HOW TO COMPLETE THIS TASK
Exactly reproduce the lines of the listing below from the one containing "Puerta suelo techo" through the one containing "CASA EN VENTA EN ITUZAINGO foto 3". Skip the images.

DATASET RECORDS
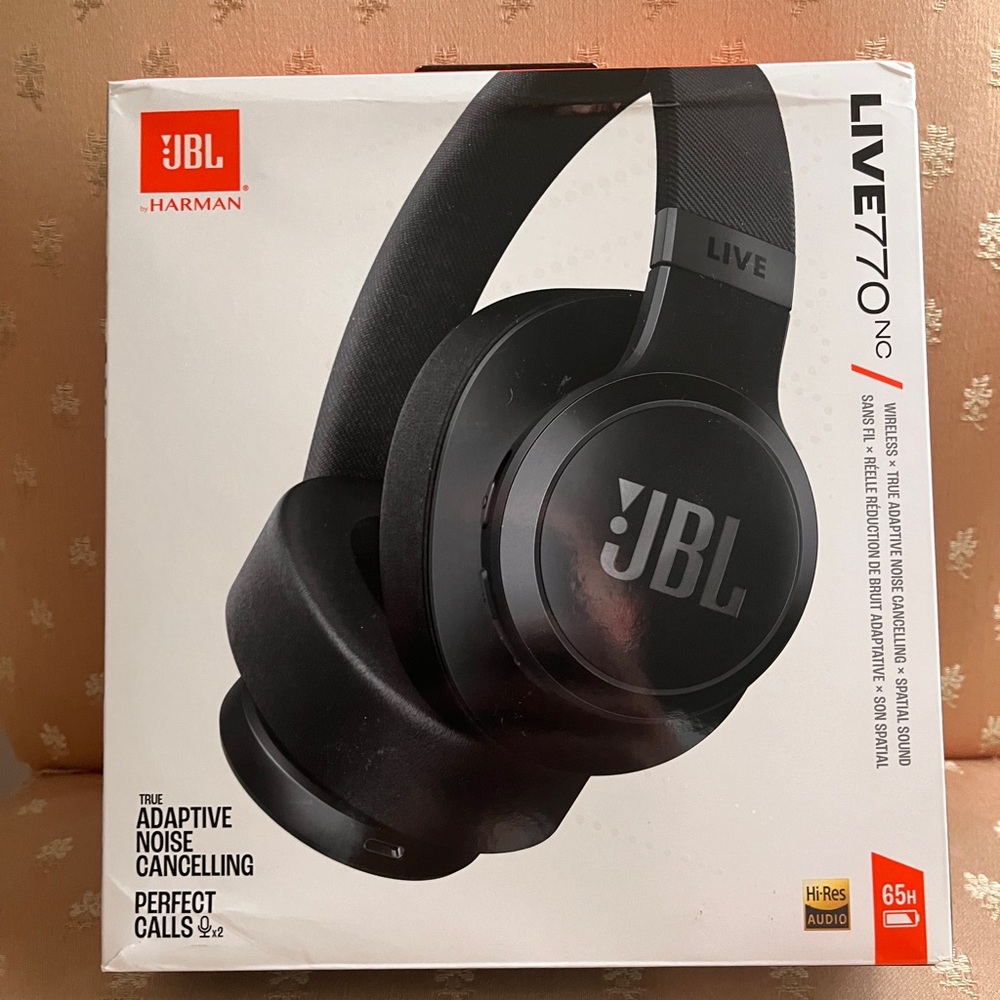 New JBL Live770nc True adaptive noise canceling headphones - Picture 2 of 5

==

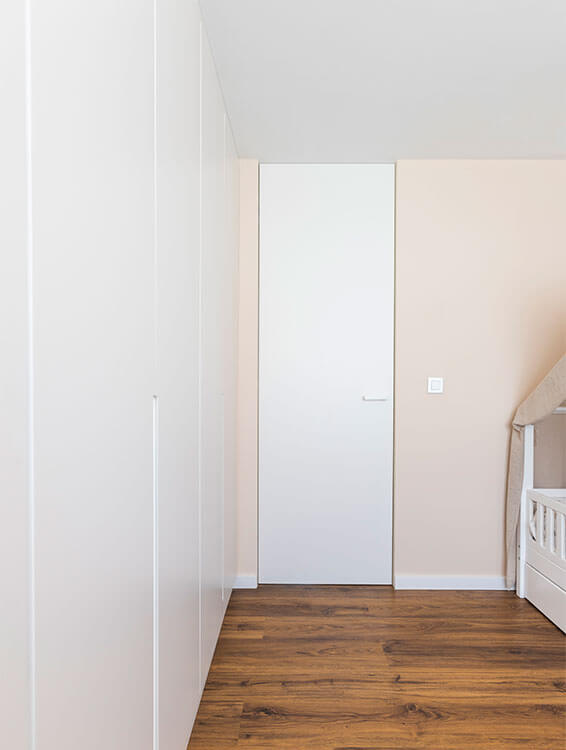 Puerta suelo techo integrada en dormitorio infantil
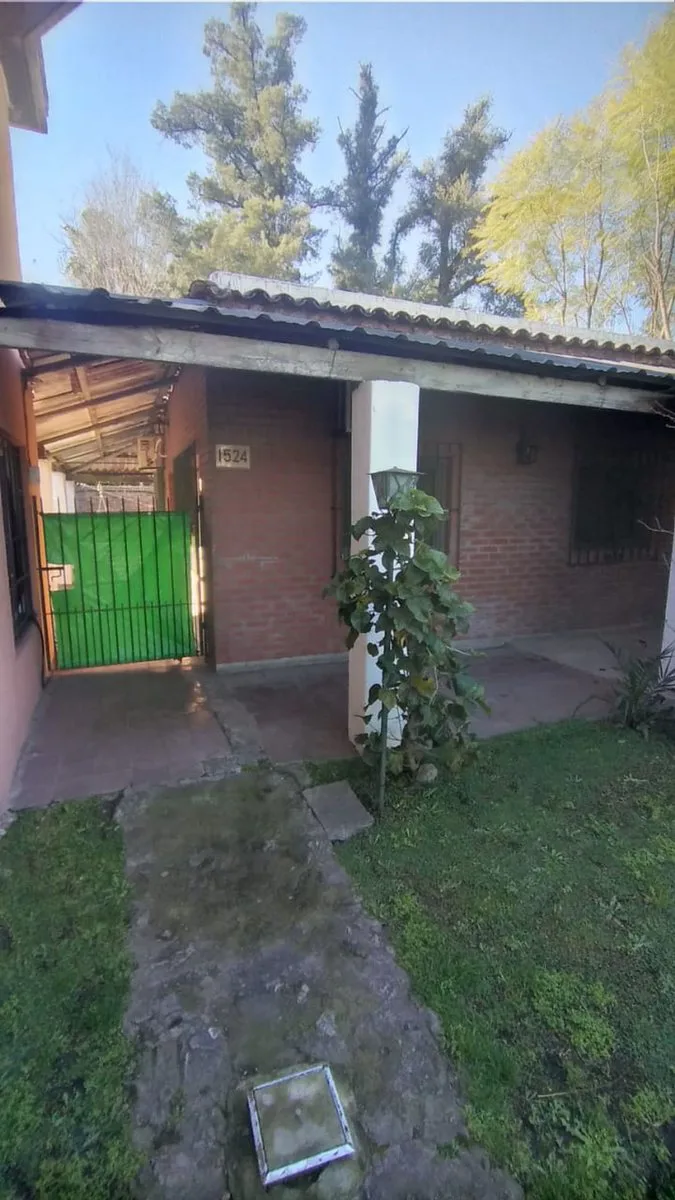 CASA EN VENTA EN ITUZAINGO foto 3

WRITTEN SOLUTION
 Puerta suelo techo integrada en dormitorio infantil
 CASA EN VENTA EN ITUZAINGO foto 3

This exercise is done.